職場によって内容は異なるものの、集合研修の後キャリアごとにレベル分けをして、ラダー評価や目標管理、課題レポートなどを行い、個々の看護に対する行動を評価するのが一般的だ。なお、レベルは1が新人、レベル2が一人前、レベル3が中堅、レベル4が達人という程度に設定している職場が多い。
ラダー評価は、各レベルに求められる能力を持っているかどうかを客観的に判断する評価で、目標管理は目標設定とパフォーマンス管理、成果評価、さらに改善という過程において目標に向かい取り組んでいった結果を見積もることを目的としている。
それに加えて、課題レポートもある。課題レポートは、看護課程の展開をどの程度理解しているかを知るため、テーマに沿ったレポートを書くものである。
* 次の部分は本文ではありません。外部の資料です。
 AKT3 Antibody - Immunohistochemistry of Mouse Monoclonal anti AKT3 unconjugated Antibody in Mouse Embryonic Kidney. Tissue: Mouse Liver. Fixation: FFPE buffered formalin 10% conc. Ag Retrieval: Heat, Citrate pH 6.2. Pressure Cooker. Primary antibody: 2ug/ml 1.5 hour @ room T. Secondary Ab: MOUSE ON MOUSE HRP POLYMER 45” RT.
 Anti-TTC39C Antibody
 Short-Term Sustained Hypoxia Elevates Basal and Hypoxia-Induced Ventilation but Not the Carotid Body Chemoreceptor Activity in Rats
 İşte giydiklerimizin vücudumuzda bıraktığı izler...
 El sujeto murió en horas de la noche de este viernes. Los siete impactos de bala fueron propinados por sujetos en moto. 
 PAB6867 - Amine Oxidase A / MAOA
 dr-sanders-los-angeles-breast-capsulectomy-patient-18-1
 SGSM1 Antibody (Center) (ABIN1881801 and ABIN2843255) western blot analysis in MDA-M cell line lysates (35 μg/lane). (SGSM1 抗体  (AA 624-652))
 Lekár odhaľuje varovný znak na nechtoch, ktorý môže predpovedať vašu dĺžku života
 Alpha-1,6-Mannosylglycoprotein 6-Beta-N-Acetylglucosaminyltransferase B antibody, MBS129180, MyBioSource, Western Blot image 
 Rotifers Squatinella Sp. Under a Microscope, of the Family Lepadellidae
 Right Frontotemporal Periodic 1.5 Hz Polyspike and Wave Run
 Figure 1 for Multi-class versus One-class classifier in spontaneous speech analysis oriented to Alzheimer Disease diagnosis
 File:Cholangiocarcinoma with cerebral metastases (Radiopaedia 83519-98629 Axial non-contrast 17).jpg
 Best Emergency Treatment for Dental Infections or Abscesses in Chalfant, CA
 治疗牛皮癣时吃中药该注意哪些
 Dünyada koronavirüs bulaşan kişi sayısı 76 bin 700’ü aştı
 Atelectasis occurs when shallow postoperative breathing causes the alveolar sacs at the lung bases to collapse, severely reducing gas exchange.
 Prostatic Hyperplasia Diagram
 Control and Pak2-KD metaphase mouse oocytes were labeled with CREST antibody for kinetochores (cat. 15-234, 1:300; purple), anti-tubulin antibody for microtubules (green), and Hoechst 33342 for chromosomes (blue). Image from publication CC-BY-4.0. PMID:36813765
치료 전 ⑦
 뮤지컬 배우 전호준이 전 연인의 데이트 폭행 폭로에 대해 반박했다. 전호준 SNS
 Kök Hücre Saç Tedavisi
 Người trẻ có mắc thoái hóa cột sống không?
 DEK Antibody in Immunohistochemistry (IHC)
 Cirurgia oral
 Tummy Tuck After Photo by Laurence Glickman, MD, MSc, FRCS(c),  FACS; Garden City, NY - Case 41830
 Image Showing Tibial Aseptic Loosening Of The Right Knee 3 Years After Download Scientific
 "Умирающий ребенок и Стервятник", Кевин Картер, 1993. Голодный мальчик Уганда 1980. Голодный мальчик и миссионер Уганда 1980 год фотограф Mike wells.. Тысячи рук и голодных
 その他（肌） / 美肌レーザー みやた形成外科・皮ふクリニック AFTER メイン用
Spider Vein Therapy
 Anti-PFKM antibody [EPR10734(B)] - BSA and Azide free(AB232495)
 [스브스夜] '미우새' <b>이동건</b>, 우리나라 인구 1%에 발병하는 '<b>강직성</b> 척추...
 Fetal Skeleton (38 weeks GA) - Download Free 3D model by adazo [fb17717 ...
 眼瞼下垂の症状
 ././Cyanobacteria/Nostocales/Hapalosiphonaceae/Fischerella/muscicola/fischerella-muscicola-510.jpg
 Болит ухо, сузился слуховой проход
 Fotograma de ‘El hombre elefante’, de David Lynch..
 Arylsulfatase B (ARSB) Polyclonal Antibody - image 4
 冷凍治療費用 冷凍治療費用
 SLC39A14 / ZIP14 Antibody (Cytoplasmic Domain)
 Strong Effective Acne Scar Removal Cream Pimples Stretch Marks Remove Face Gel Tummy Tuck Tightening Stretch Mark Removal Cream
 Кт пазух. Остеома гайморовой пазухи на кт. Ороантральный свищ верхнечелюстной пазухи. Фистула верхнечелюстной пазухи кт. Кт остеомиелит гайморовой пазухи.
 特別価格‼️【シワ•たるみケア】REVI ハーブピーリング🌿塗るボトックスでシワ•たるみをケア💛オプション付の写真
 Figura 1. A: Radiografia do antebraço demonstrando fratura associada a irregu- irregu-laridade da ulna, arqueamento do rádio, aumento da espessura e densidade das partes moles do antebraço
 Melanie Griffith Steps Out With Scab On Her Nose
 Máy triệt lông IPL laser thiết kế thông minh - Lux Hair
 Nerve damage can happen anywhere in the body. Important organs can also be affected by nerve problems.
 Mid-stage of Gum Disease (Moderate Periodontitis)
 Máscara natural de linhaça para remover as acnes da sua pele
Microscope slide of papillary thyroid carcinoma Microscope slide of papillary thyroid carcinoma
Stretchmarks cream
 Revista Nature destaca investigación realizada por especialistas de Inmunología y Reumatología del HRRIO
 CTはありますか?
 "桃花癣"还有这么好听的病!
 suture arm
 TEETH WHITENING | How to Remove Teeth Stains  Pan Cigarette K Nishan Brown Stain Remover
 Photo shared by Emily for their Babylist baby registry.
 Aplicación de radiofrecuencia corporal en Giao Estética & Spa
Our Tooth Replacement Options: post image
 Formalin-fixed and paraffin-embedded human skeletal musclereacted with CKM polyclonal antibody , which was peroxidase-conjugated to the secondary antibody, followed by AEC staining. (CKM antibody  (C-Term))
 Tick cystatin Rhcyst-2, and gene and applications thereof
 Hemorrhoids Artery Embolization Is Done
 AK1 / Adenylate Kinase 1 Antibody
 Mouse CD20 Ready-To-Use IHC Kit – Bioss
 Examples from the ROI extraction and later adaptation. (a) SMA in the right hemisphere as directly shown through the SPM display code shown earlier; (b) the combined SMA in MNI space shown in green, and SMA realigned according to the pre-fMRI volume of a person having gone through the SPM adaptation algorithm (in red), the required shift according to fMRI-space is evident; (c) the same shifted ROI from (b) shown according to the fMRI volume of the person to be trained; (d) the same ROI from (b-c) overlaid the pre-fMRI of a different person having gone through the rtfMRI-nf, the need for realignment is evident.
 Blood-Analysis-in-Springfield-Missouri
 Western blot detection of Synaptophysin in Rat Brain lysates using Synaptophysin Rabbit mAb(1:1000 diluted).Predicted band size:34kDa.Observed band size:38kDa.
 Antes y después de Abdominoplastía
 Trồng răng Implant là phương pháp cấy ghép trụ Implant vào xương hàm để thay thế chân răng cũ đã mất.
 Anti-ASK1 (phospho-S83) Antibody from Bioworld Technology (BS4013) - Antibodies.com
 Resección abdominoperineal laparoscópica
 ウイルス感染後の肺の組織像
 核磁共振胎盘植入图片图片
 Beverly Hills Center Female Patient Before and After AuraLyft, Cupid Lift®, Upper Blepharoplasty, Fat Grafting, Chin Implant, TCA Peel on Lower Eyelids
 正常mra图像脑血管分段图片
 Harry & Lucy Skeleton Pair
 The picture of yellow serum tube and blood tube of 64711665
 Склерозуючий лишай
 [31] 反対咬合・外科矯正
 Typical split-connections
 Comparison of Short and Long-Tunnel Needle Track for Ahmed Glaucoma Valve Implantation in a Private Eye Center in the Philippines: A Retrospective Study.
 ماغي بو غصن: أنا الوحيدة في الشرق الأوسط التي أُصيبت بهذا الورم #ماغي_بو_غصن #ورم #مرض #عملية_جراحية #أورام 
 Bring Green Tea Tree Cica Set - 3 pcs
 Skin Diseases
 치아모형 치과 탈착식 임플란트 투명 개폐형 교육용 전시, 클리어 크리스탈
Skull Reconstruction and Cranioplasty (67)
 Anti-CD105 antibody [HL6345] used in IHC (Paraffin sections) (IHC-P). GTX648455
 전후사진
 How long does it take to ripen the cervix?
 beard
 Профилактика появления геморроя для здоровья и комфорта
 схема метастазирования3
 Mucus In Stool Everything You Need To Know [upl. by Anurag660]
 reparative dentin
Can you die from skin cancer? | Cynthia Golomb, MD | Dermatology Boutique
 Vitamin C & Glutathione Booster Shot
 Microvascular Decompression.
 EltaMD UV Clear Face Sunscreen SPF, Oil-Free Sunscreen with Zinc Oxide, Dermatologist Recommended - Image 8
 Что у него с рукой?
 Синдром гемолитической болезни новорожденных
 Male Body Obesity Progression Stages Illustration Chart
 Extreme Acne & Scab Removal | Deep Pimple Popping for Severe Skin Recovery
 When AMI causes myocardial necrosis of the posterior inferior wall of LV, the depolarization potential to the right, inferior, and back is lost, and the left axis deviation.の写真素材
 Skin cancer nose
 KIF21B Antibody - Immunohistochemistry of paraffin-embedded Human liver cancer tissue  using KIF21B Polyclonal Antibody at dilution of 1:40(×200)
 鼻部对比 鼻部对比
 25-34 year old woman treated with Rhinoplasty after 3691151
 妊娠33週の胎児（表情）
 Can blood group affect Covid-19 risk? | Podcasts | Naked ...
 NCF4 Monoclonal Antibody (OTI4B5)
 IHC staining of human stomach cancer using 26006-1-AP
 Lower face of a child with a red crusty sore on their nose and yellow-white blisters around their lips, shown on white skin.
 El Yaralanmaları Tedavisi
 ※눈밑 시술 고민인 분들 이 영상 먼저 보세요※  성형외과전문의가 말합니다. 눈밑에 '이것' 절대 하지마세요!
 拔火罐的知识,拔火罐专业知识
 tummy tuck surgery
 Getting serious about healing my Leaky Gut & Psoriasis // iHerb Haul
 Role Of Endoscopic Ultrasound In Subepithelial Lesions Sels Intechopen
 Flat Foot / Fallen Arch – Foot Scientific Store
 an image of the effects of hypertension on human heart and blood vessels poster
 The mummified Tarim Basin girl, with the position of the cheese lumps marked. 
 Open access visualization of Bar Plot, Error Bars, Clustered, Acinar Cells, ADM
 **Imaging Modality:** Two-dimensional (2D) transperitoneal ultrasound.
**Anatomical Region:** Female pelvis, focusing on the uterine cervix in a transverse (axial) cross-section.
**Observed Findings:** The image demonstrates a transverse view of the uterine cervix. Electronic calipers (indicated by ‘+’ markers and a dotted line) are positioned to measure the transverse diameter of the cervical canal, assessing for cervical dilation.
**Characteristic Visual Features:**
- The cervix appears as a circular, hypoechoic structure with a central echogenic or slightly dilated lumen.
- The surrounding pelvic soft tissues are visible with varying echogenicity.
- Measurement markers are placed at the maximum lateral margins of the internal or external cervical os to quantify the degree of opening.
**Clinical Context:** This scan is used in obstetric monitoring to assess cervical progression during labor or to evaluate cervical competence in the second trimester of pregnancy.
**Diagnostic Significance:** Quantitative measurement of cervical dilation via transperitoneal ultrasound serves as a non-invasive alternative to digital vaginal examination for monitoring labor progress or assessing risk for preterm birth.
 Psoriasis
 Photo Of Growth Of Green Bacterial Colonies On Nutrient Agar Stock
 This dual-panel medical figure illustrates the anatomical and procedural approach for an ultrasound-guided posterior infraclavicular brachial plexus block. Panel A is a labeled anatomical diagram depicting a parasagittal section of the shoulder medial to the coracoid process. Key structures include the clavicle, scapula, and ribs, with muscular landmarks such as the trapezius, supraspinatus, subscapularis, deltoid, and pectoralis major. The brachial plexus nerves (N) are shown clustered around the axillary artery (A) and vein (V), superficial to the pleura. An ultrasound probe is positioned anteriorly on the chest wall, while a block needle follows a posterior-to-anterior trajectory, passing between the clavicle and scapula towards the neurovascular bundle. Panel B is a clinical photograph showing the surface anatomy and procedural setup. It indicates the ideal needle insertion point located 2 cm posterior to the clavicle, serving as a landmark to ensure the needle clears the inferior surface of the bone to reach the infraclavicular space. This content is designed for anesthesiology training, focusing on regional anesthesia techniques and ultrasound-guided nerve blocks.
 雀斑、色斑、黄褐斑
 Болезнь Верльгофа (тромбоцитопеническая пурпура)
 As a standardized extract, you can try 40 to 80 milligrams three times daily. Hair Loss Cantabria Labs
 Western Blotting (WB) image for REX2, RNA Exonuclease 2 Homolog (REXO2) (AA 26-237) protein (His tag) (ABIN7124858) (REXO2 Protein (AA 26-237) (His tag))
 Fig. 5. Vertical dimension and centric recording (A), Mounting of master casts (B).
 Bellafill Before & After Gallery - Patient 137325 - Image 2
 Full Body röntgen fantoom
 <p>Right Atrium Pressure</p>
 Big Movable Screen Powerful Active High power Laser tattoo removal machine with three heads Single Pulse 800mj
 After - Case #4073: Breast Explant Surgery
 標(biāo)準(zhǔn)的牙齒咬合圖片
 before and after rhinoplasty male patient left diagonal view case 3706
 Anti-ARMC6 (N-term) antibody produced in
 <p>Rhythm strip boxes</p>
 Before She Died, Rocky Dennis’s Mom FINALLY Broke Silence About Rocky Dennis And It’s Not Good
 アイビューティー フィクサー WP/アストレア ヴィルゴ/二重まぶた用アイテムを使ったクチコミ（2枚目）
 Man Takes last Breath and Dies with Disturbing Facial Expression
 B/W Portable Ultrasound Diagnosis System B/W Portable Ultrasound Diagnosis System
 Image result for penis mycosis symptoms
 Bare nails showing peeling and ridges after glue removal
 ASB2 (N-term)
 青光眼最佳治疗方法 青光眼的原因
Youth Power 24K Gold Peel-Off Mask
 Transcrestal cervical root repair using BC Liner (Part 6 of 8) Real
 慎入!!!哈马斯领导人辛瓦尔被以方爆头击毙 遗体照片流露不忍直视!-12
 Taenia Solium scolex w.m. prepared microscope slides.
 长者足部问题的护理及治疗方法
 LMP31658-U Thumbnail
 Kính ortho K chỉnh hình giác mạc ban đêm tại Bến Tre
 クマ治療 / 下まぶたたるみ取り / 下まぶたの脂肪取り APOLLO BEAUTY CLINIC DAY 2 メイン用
こうした内容のクリニカルラダーを実施することで、各看護師の能力を測ることができるのだ。そして、各レベルに求められる以上の能力を有していることがわかれば、看護師はレベルアップするのである。職場によっては、このレベルに応じて昇給するところもあるため、看護師の技術はもとより、士気が上がる評価システムと言える。
看護師は肉体的にも精神的にも負担が大きくなりがちな職業であるから、正しく他者から評価されるのは重要なことだろう。クリニカルラダーの場合、努力をすればわかりやすくステップアップできるため、仕事の評価を上げる方法として最適なのである。